Alarm sinyalleri

Atılım MURAT
Atılım MURAT AYKIRI FİNANS amurat@etu.edu.tr

 


Gelişmekte olan ülkelerden alarm sinyalleri geliyor. Euro bölgesindeki gelişmeler bütün havayı çektiği için, bu kritik konu arka planda kalıyor. Merkel'in partisi ile en yakın rakibi arasındaki fark iki puana düşmüşken, hala 'ortak euro tahvili' tartışılıyor.

Makro veriler kötüleşirse, politika yapıcılar devreye girer beklentisi var.

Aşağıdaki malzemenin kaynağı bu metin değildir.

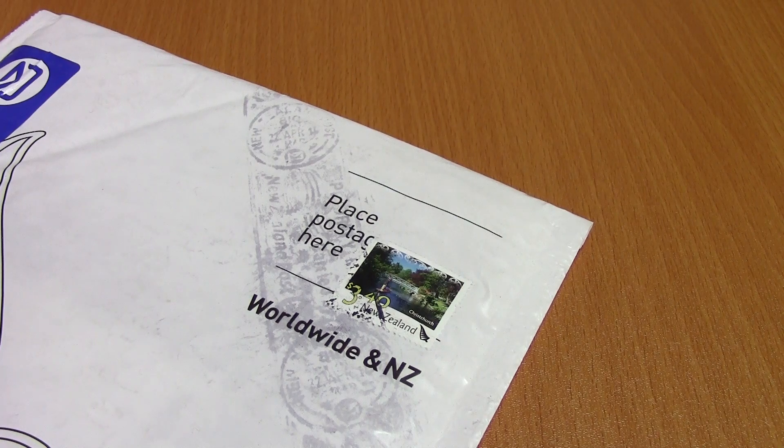Hey guys! Today's happy mail is from New Zealand and it is from a YouTuber that probably all of you know.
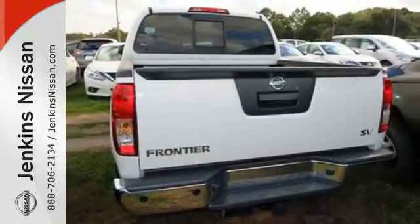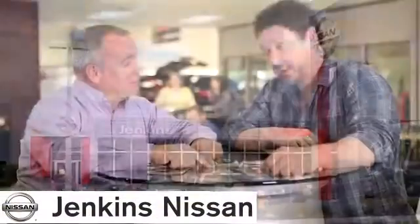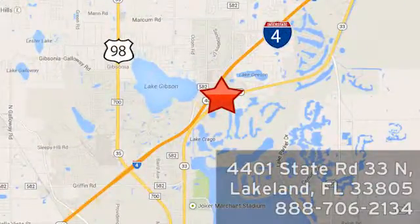Get behind the wheel of this Frontier today. At Jenkins Nissan, honesty is our policy. We're conveniently located at 4401 State Route 33 North in Lakeland, Florida.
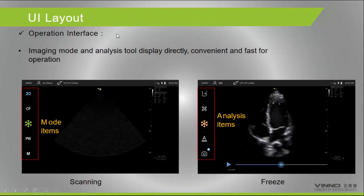Here is the operational interface. On the left side we have basic functions: 2D image, color doppler, pulsed wave, and M-mode, as well as a freeze button. Sliding to the left reveals additional tools such as body mark, image capture, and measurement.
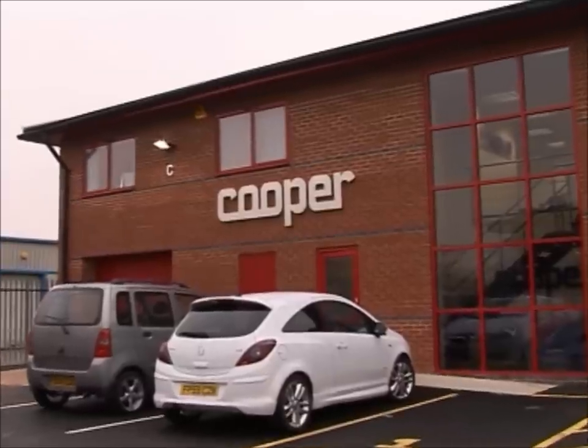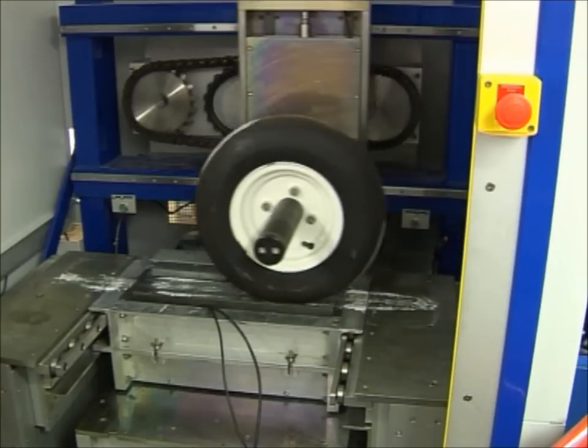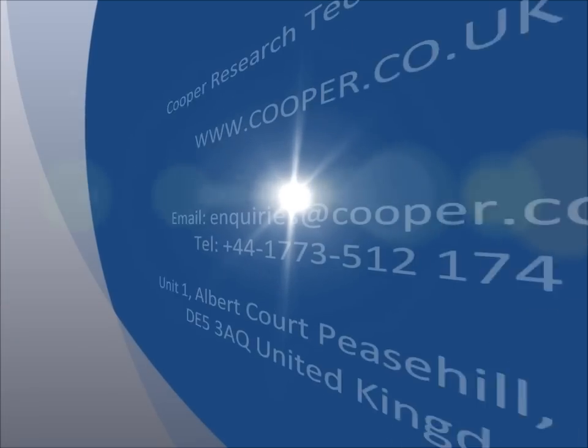In order to better support our customers and agents, we offer training here at the Cooper Academy and also overseas. Cooper's future strategy is to continue supplying innovative test solutions to current and emerging markets, delivering quality, value and a first class service.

Aslında; küresel ekonomi hız keserken, politika araçlarını kullanmak zorlaşıyor. 2008 ile bugünkü durum arasında benzerlikler kuruluyor. Tabii önemli bir farklılık da var. 2008'de ekonomi yönetimlerinin manevra alanı fazlaydı.

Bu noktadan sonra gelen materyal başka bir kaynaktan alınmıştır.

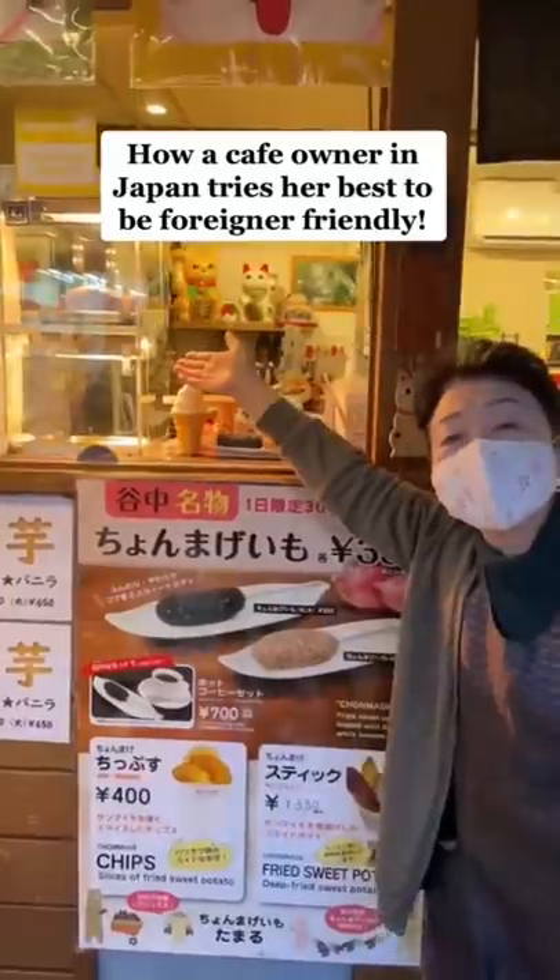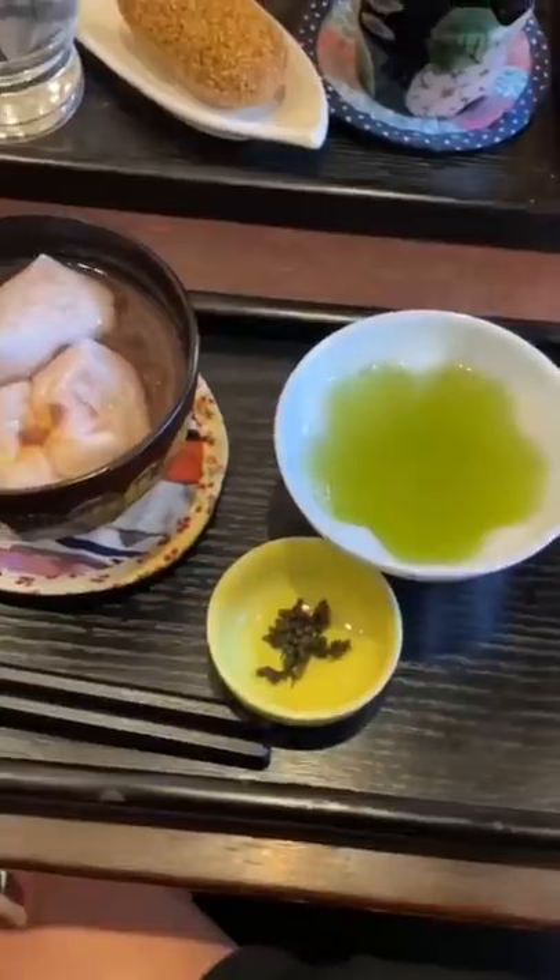This is how a café owner in Japan does her best to make it foreigner-friendly. I found this café that sells chonmage — a sweet potato snack meant to look like a chonmage — and other Japanese snacks as well.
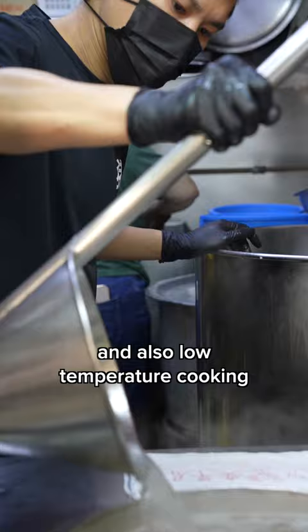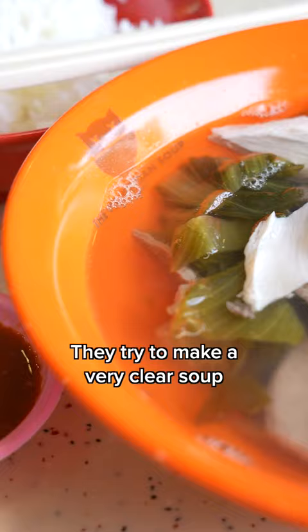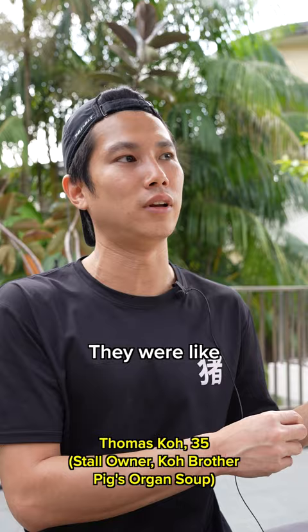Low temperature cooking — it's actually something that fine dining always tries to do. They try to make a very clear soup. So when chefs came to our store, they're like, how do you make the soup so clear?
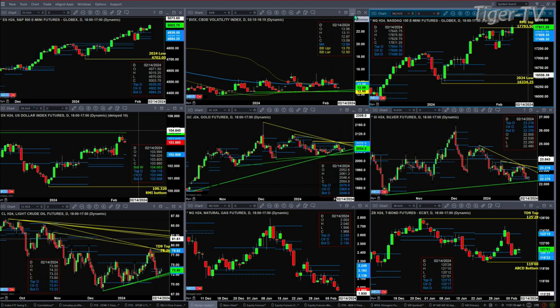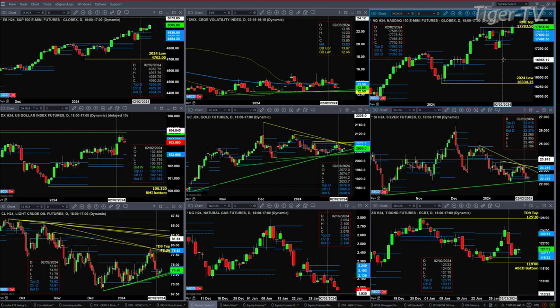On the NQ, a close above 17793.50 negates its Rhodes Momentum Indicator top. There is a new profile attempting to form — we won't know until 6 p.m. whether this takes hold or not. Right now we know that sellers were lined up at 17664, and so far they have been overrun.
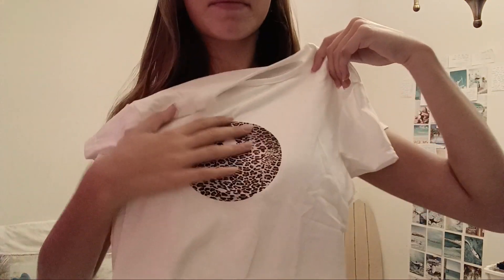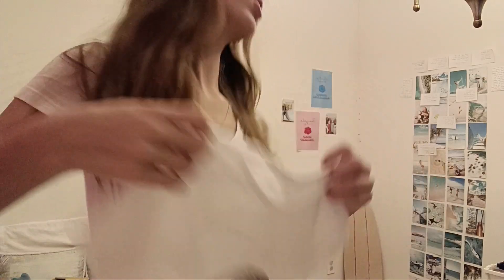The next item I pulled out is another white shirt with a pattern on it. Apparently the magic eight ball is very trendy for shirts right now. This one has a cheetah print magic eight ball on it, and I can also pair it with the skirt. It's really cute.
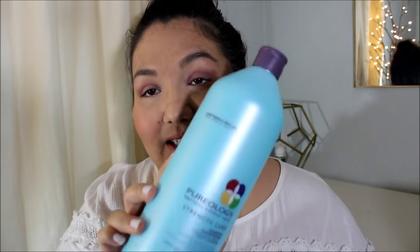The first thing is the Pureology Strength Cure Shampoo. This is my favorite shampoo. The reason I like it so much is because I have really oily hair, or did, when I don't use this.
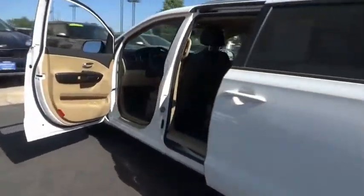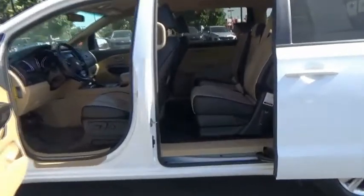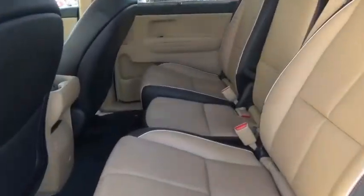Trip computer, carpeted floor mats, day-night rearview mirror, perimeter alarm, body-color door handles, tinted glass, power rear window sunshade, four-piece floor mat set.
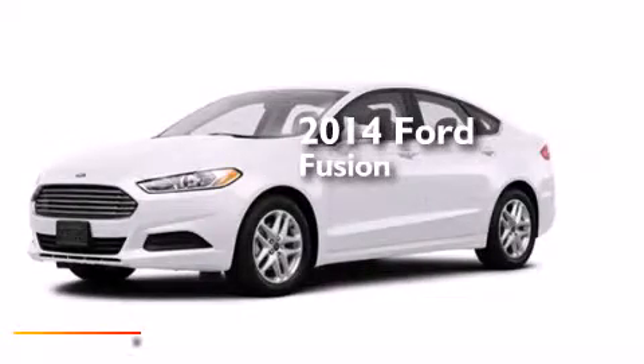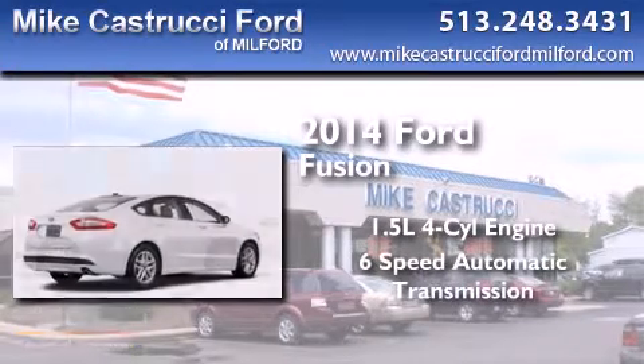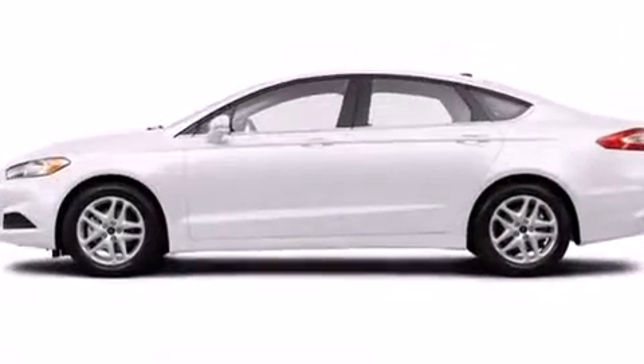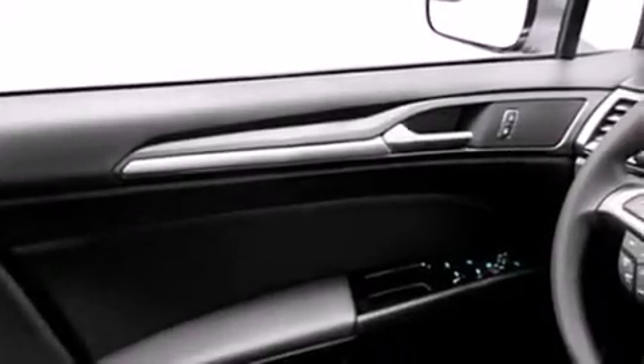This is a brand new 2014 Ford Fusion. It has a 1.5 liter 4 cylinder engine and a 6 speed automatic transmission. With an EPA estimated rating of 37 miles per gallon on the highway, you won't be making frequent trips to the gas pumps.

Para muslukları sonuna kadar açıldı. Maliye politikaları gevşetildi. Bugün bunların önünde engeller var.

Avrupa'nın en güçlü ekonomisi olan Almanya, mali disiplinsizlik istemiyor. Para basılmasına onay vermiyor. İster enflasyon korkusu, ister diğer ülkelere gözdağı vermek olarak düşünün, Avrupa Merkez Bankası'nın(AMB) aktif olmasına müsaade etmiyor. Amerikan ekonomisindeki göreceli iyi durumun sürmesi, Fed'in yeni bir tahvil alım programı açıklamasını zorlaştırıyor. ABD'de yeni bir programın zemininin; deflasyon, resesyon tehlikesi gibi hikayelerle doldurulması lazım. Öte yandan; ABD ekonomisini son iki yıldır ayakta tutan yüksek bütçe açığının, ciddi oranda azaltılacağı konuşuluyor. Bu durumda maliye politikası tarafında da hareket alanı daralabilir.  

Gündemin ana maddesi olan AB'deki sıkıntılar biliniyor. Sadece sonuçları öngörmek zor.

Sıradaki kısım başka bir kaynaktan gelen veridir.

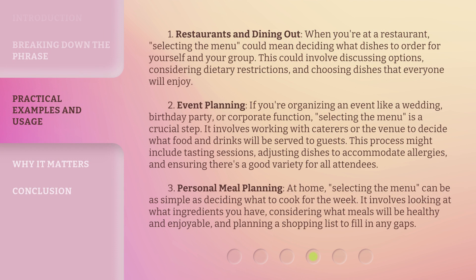When you're at a restaurant, selecting the menu could mean deciding what dishes to order for yourself and your group. This could involve discussing options, considering dietary restrictions, and choosing dishes that everyone will enjoy.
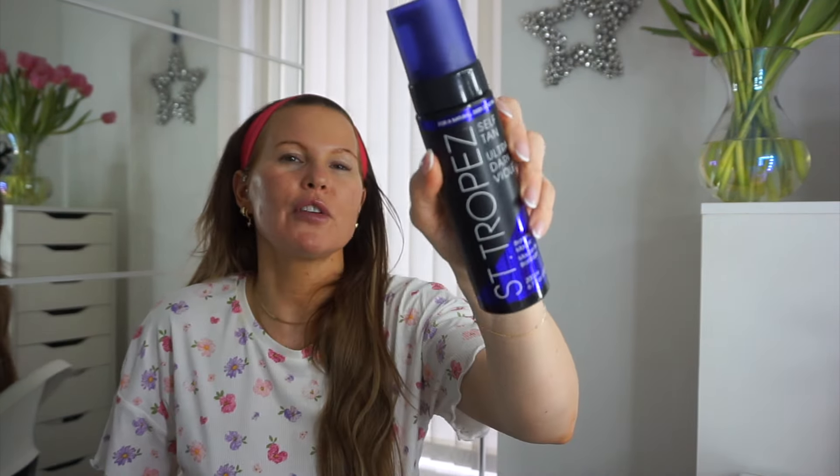That is everything I've bought, I hope you guys enjoyed this video! Hopefully it's not too lengthy, but there was a mixture of pretty much everything. If you enjoyed it please give it a thumbs up, subscribe if you haven't already, and let me know in the comments if you've used any of these and what you think — leave a comment, it's free! I hope you guys have an amazing week and I will see you in the next one. Bye!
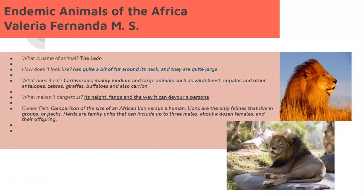What is the name of the animal? Lion. How does it look like? It has quite a big mane of fur around its neck and they are quite large. What does it eat? Carnivorous — mainly medium and large animals such as wildebeest, zebras, buffaloes, and also carrion. What makes it dangerous? It's agile and fast, and it can overpower a person.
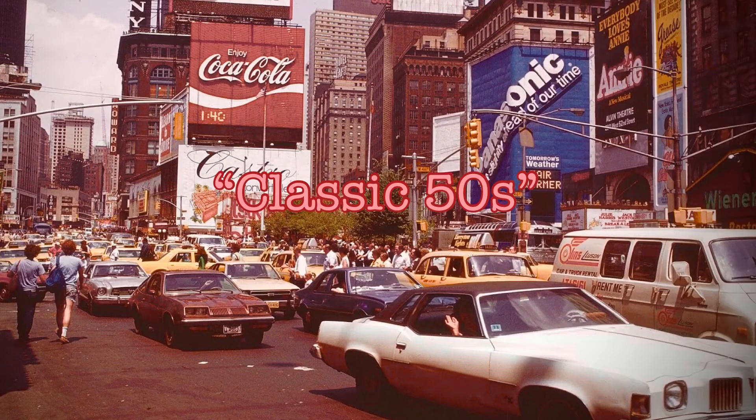Next up is the classic 50s outfit. I paired a white button down with a collar underneath a regular old striped shirt and I have this skirt that I made.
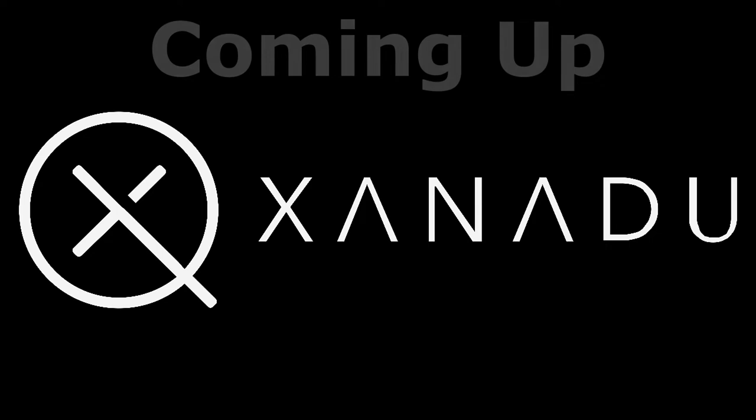Coming up, the latest quantum news on Xanadu, from McDade Quantum Network.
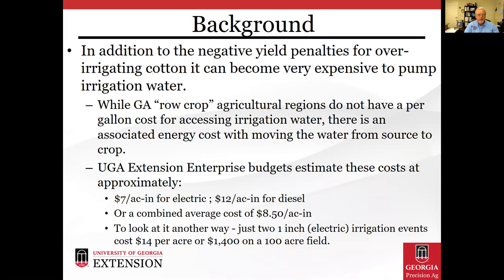In addition to the negative yield penalties for over-irrigating cotton, it can become very expensive to pump irrigation water. While Georgia agricultural regions do not have a per-gallon cost for accessing irrigation water, there is an associated energy cost with moving that water from source to crop. Our UGA Extension Enterprise budgets estimate these costs at approximately $7 per acre inch applied for an electric pump source, up to $12 per acre inch for a diesel energy source, often combined into an average cost of $8.50 per acre inch applied.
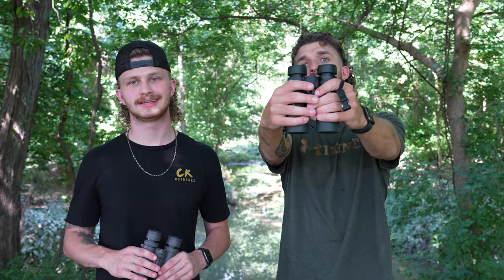What's going on guys? What's up? Today we're going to get into a little test. We've got $1,300 binos versus $300 binos. Is it worth it? Let's get to it. Let's find out.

BRIC(Brezilya, Rusya, Hindistan, Çin) bölgesi, beni Avrupa'dan daha fazla tedirgin ediyor. Çünkü bu bölgede hem sonuçları tahmin etmek zor, hem de problemler göz ardı ediliyor. Kriz öncesinde ve sonrasında küresel ekonominin motoru olan BRIC kesimi, 2012'de bu misyonu üstlenemeyebilir.
Global ekonominin başrol oyuncularından olan Çin, hamlelerini geciktiriyor. Ya işler biraz daha kötüleşmeden devreye girmek istemiyorlar, ya da piyasaya bazı durumlar yansıtılmıyor. Enflasyon rakamı son aylarda düşüş gösterse de, merkez bankası faizi indirmiyor. Zorunlu karşılıklardan gidiyor. Çin ekonomisi ile ilgili soru işaretlerinin artması, emtia fiyatlarını vuruyor. Örneğin; ekonominin ham madde talebini görme açısından önemli bir gösterge olan Çin limanlarına teslim edilen demir cevherinin fiyatı son 1,5 aydır sert biçimde düşüyor.

Hindistan ekonomisi deyim yerindeyse bir çakılma yaşıyor. Sanayi üretimi rakamı yıllık bazda negatif. S&P geçen ay ülkenin notunu indirdi. Kamu borcu ve cari açık rakamları çok yüksek. Enflasyon yükseliyor. Stagflasyonun(yavaşlama ve enflasyon) ayak sesleri duyuluyor. Sermaye piyasalarından para çıkışı sürüyor. Kısaca; Hindistan'ın küresel ekonomiye olan katkısı sıfır olabilir.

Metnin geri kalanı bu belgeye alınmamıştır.